Quelle postérité pour ces messages audio? Pour le professeur neuchâtelois, «une fois écouté, le message disparaît de notre perception, tandis que l’écrit reste. La communication écrite n’est pas encore morte, puisque les contenus très importants circulent encore à l’écrit plutôt qu’à l’oral.» Olivier Glassey partage le même point de vue: le fil de conversation WhatsApp est selon lui un rappel mémoriel. «Si vous remplacez tout ça par des messages à cliquer, vous perdez tout simplement cette mémoire, la manière dont le fil les affiche déshumanise l’échange dans son ensemble, alors que paradoxalement la voix est un élément d’humanisation», analyse-t-il.

Se dévoiler avec l’oral

Les experts soulignent que les messages vocaux ne sont pas utilisés au niveau professionnel ou institutionnel. Pour Louis de Saussure, c’est «parce qu’on se dévoile avec l’oral, et dans les cercles moins intimes on préfère l’écrit ou le téléphone, qui permet un ajustement mutuel des interlocuteurs impossible avec WhatsApp».

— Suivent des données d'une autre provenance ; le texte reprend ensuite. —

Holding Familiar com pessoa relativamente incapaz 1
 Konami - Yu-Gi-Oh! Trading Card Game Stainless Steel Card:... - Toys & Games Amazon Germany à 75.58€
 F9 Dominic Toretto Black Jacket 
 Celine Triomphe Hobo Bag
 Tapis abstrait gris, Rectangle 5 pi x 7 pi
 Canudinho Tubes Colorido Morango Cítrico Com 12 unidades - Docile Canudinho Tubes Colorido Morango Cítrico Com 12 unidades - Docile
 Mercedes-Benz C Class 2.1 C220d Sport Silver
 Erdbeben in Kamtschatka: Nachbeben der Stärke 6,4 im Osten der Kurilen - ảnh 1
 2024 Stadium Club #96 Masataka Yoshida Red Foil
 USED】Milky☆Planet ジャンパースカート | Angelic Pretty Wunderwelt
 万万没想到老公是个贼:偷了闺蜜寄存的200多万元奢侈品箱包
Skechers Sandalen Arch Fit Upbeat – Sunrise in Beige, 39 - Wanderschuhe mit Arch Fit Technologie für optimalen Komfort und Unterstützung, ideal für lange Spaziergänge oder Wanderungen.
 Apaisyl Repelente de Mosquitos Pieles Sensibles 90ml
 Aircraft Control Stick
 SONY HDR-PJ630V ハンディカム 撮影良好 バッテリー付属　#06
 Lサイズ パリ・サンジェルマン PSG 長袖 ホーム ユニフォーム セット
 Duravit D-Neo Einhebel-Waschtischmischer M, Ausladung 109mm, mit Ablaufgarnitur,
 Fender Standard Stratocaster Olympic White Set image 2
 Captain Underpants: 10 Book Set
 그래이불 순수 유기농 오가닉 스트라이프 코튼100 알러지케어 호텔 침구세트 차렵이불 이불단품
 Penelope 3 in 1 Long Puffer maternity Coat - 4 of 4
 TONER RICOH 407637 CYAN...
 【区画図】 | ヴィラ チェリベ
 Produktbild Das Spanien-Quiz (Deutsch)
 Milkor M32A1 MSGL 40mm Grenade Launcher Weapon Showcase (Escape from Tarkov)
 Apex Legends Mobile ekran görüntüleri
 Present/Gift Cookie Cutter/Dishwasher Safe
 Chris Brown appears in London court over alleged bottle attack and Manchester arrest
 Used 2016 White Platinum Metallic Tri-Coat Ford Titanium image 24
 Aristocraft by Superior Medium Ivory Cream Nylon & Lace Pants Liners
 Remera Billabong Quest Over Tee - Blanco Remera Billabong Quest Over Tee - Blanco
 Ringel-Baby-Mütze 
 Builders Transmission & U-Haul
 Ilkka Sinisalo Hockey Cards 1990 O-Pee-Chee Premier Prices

Déborah confie que ses messages audio peuvent atteindre jusqu’à 39 minutes: «On appelle ça nos podcasts. On enregistre nos messages quand on est disponibles et on prend le temps de les écouter au bon moment de la journée.» Ce cercle de communication est essentiel pour Louis de Saussure: «Ces messages demandent de développer une habitude, qui se construit avec les pairs, ou pas.» Hors des frontières, ils ont su séduire: les Chinois n’utilisent plus que les messages vocaux par gain de temps, les idéogrammes étant souvent jugés trop complexes ou chronophages, fait-il remarquer.

«L’oral est un enrichissement, et non un appauvrissement, estime pour sa part Marcel Burger, directeur du centre de sciences du langage de l’UNIL et participant à l’étude WhatsUpSwitzerland. L’intérêt de la pratique sous-tend un tel engouement, et est donc indéniable.»